- **Information supplied**:
=-=-=-=-=

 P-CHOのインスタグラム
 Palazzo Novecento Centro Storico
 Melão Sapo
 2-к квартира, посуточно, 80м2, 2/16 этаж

=-=-=-=-=

- **Problem description**:
As the exercise requires, copy out the data shown above word for word.

- **Task result**:
 P-CHOのインスタグラム
 Palazzo Novecento Centro Storico
 Melão Sapo
 2-к квартира, посуточно, 80м2, 2/16 этаж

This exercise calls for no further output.